Reputation: 47
Say I have a dataframe that looks like this:
Feature 1 Feature 2 Feature 3 Feature 4 Target
1 1 1 1 a
0 1 0 0 a
0 1 1 1 b
And a vector that looks like this:
0, 1, 1, 1
How would I find the indices of the closest matching rows to the vector? For example, if I wanted to find the 2 closest rows, I would input the vector and the dataframe (perhaps with the target column removed), and I would get indices 1 and 3 as a return from the function, since those rows most closely resemble the vector "0, 1, 1, 1".
I have tried using the "caret" package from R, with the command:
intrain <- createDataPartition(y = data$Target, p= 0.7, list = FALSE)
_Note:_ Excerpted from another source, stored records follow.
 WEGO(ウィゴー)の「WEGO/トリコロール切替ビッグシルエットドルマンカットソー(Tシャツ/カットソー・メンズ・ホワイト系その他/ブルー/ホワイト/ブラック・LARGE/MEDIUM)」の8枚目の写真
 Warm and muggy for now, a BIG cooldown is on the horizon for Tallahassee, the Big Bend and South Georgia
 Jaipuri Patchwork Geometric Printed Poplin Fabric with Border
training <- data[intrain,]
testing <- data[-intrain,]
trctrl <- trainControl(method = "repeatedcv", number = 10, repeats = 3)
knn_fit <- train(Target~., data = training, method = "knn", trControl = trctrl, preProcess = c("center", "scale"), tuneLength = 10)
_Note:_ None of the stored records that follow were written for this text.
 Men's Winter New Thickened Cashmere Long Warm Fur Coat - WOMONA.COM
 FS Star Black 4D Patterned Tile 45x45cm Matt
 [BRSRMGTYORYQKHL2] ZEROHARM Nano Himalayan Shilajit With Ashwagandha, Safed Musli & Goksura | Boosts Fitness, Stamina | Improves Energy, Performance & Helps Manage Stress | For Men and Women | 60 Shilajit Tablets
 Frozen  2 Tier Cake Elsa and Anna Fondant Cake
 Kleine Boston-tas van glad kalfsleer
test_pred <- predict(knn_fit, newdata = testing)
print(test_pred)
However, this doesn't return the index of the matching rows. It simply returns the predictions for the target that has features most closely matching the testing dataset.
I would like to find a model/command/function that can perform similarly to the KDtrees model from sklearn in python, but in R instead (KDtrees can return a list of the n closest indices). In addition, although not required, I would like said model to work with categorical values for features (such as TRUE/FALSE) so that I don't have to create dummy variables like I've done here with my 1's and 0's.
Upvotes: 0
Views: 320
Reputation: 1378
To find the smallest distances between vectors, you can make a distance matrix:
mat <- matrix(c(1,1,1,1
0,1,0,0,
0,1,1,1,
0,1,1,1),
ncol = 4, byrow = T)
#the following will find the euclidean distance between each row vector
dist(mat, method = "euclidean")
1 2 3
2 1.732051
3 1.000000 1.414214
4 1.000000 1.414214 0.000000
Clearly, the minimum is here between rows 3 and 4 since they are identical
Upvotes: 0
Reputation: 3194
Agreed with 42's comment. With a simple distance metric, row 1 is equally different from the vector as 2.
# your data
featureframe <- data.frame(Feature1 = c(1,0,0), Feature2 = c(1,1,1),
Feature3 = c(1,0,1), Feature4 = c(1,1,1),
Target = c("a","a","b"))
vec <- c(0,1,1,1)
distances <- apply(featureframe[,1:4], 1, function(x) sum((x - vec)^2))
distances
# [1] 1 1 0
Edits as per comments:
To measure categorically what is similar you may instead quantify a similarity metric where the closer the sum is to the lenght of the vector, the closer the two vectors are:
similarity <- apply(featureframe[,1:4], 1, function(x) sum(x == vec))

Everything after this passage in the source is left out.